At eight-thirty five p.m., a most terrific explosion occurred. The back door burst in, the fire was blown into the room, the house shook sickeningly. We thought we had received a direct hit. We hadn’t, but this was the nearest “fall” to us, which we have had yet. Ten minutes later a second bomb fell, but not quite so close. Ted laid his head down on the table and prayed. I couldn’t pray. I’m beyond that. Personal gods have ceased to be for me. Soon after nine o’clock Artie telephoned. He wanted to know if we were all right. He said the explosion had blown all their windows out, and in all the houses round about, and the street was full of people, looking for damage. He said he thought the thing had fallen in our direction, between his house and ours, and he was anxious to know if we were safe.

For the rest of the evening I sat and trembled, and I had trouble not to break out into weeping. I felt deathly sick. I was afraid to go to bed, but no more bombs fell, except one after we were abed, about eleven-thirty p.m. This one also was very close, but not quite so devastatingly near.

I have not heard yet exactly where the bomb did fall, last night on the nine o-clock news we were told that yesterday the Americans made a big raid over Germany. They attacked Nuremberg for the third time, and at noon nine hundred Flying Fortresses accompanied seven hundred fighters, dropped on the city eleven thousand high explosives, and three hundred thousand incendiaries. They also bombed Vienna and Trieste yesterday. It is no wonder the Germans sends their V2’s against us. War, insane, devilish, war. It fills me with fury. Fury at the stupidity of man. This loathsome crazy world, how I hate it!
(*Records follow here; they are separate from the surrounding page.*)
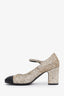 Escarpins Mary Jane Chanel™ d’occasion à paillettes dorées et noires, taille 36,5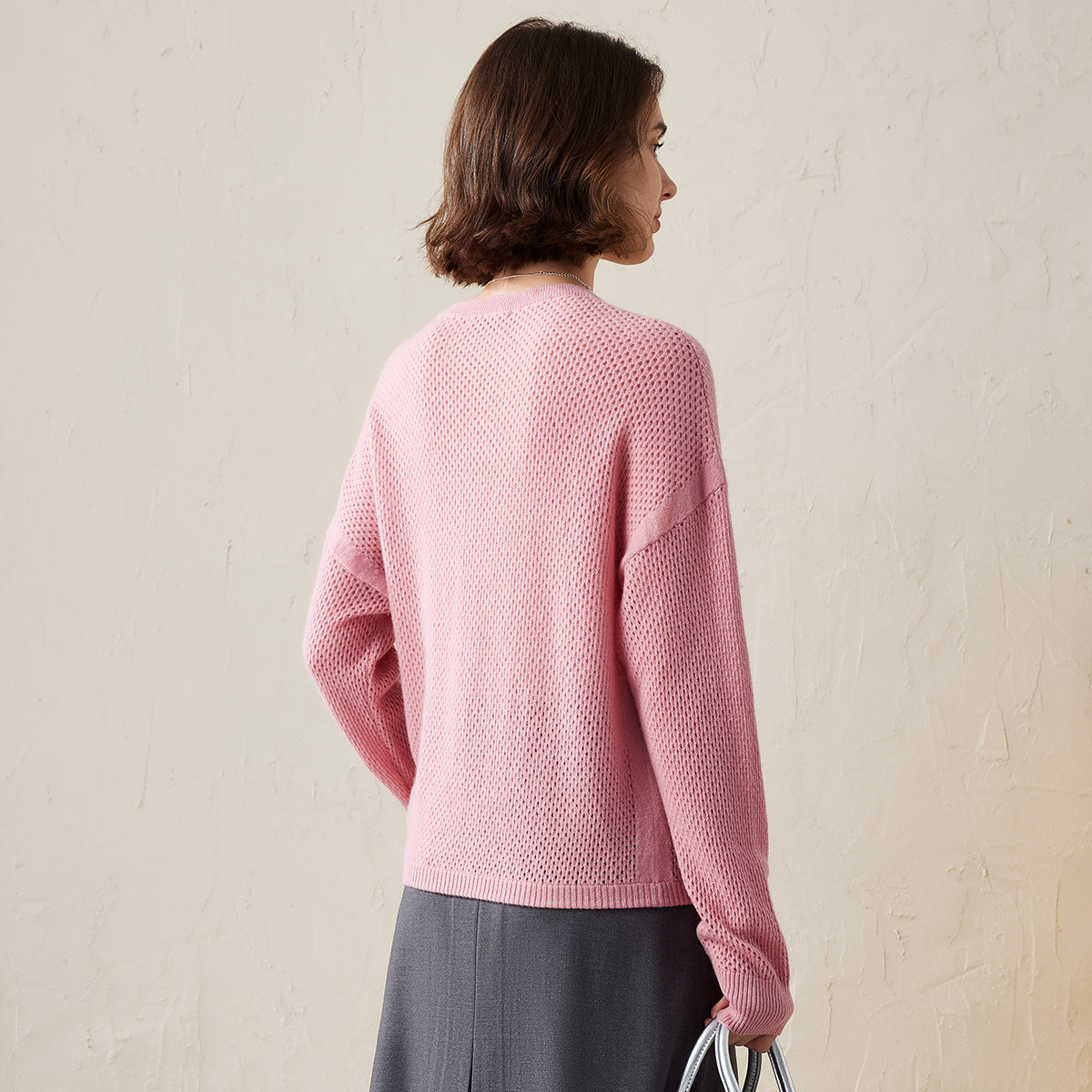 100% Cashmere Breathable Mesh Sweater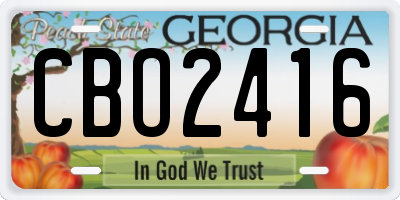 GA license plate CBO2416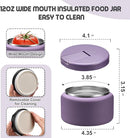 13.5oz Soup Thermo for Hot Food Kids with Buckle Lid Insulated Vacuum Food Jar Wide Mouth Leakproof Stainless Steel Lunch Container -Purple by TinyTreasures Baby Boutique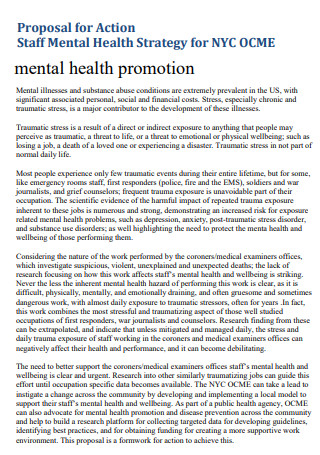 Mental Health Staff Promotion Proposal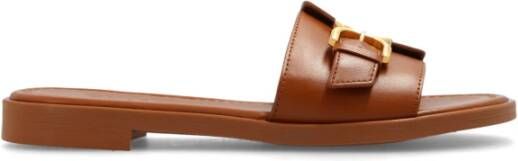 Chloé Marcie leren slides Brown Dames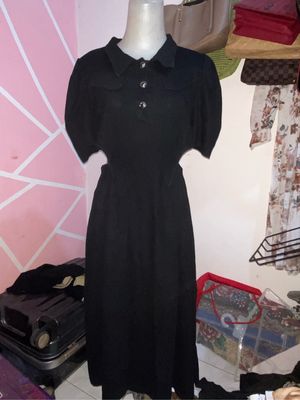 Longdress kemeja tangan balon samping bolong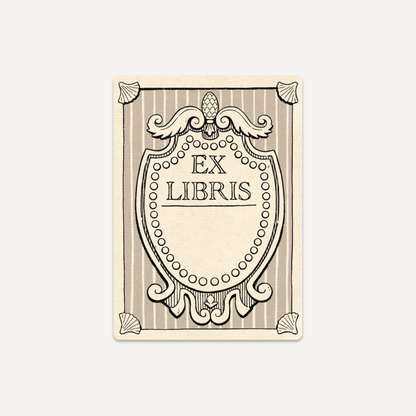 Gilded Bookplate Sticker - Set of 3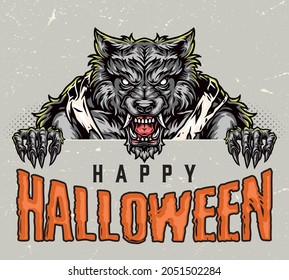 Feliz concepto de Halloween vintage colorido con temible y feroz efecto de werewolf y medio tono en la ilustración vectorial de fondo gris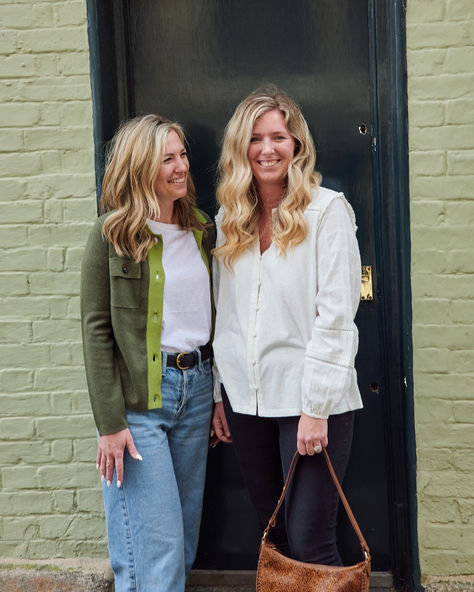 Street Style: Meet sisters Emma and Claire, having a shopping afternoon in Truro. Emma's wearing our Sara knitted shacket and Claire's wearing our Blossom blouse.

"Autumn's definitely my favourite season to dress for. I love layering. And pairing things with boots and jeans." - Emma Boots And Jeans, Favourite Season, Truro, My Favourite, Layering, Blossom, Street Style, I Love, Boots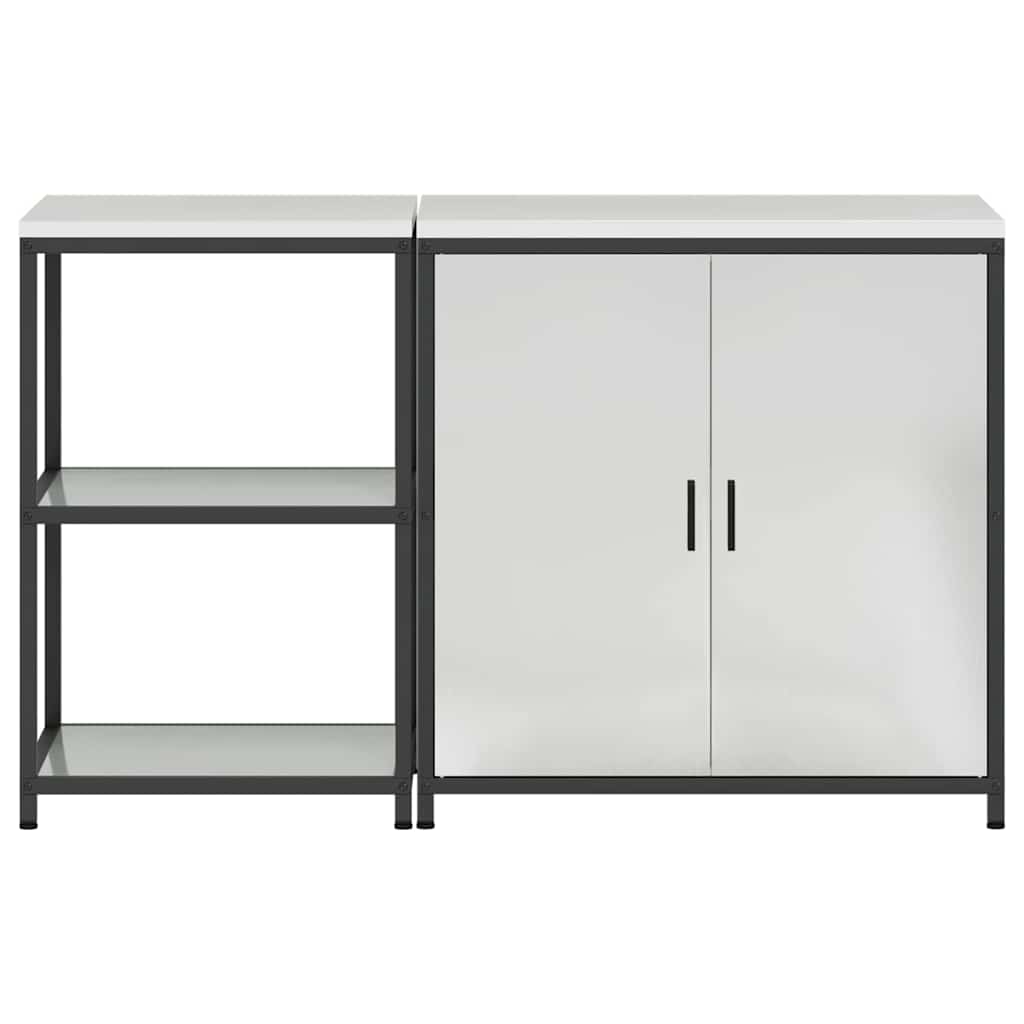 vidaXL Kitchen Storage Set HATTEM 2 pcs Silver Galvanised Steel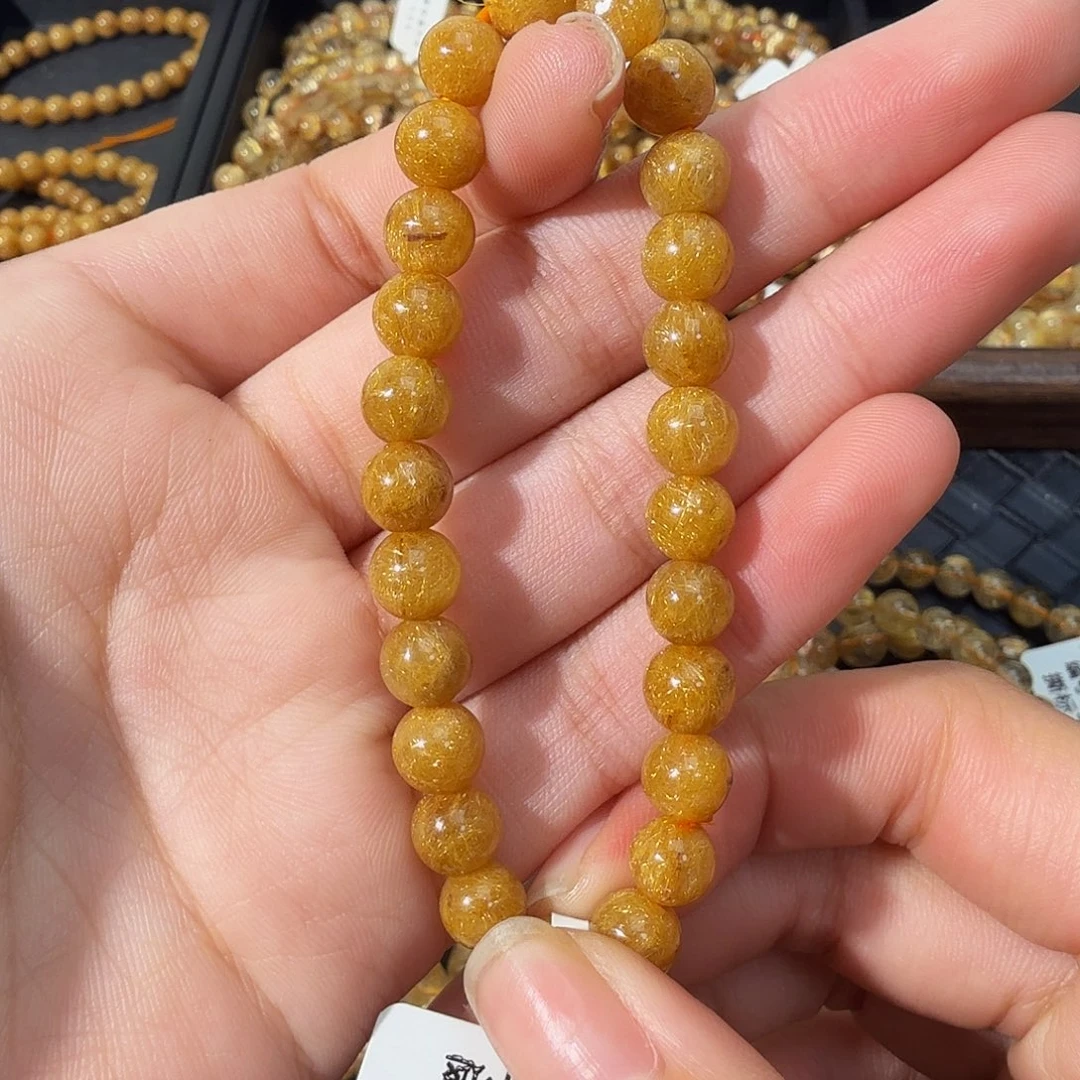 发晶手链未镶嵌天然金发晶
This evening I have written to Eddie. When Death comes so close, it is Eddie I think of.

February 22, 1945

The death roll in Fairholme Avenue has now risen to thirteen. Maureen Garven was here this afternoon and told me that nineteen people were killed in Harold Wood last week, and were all buried together today. So it goes, death and destruction without ceasing. There were A few bombs falling today, but not too near.

February 27, 1945

Mr. Churchill made a statement in Parliament about the Yalta Conference, and emphatically defended the arrangements made for Poland. There is to be a three-day debate on all of this.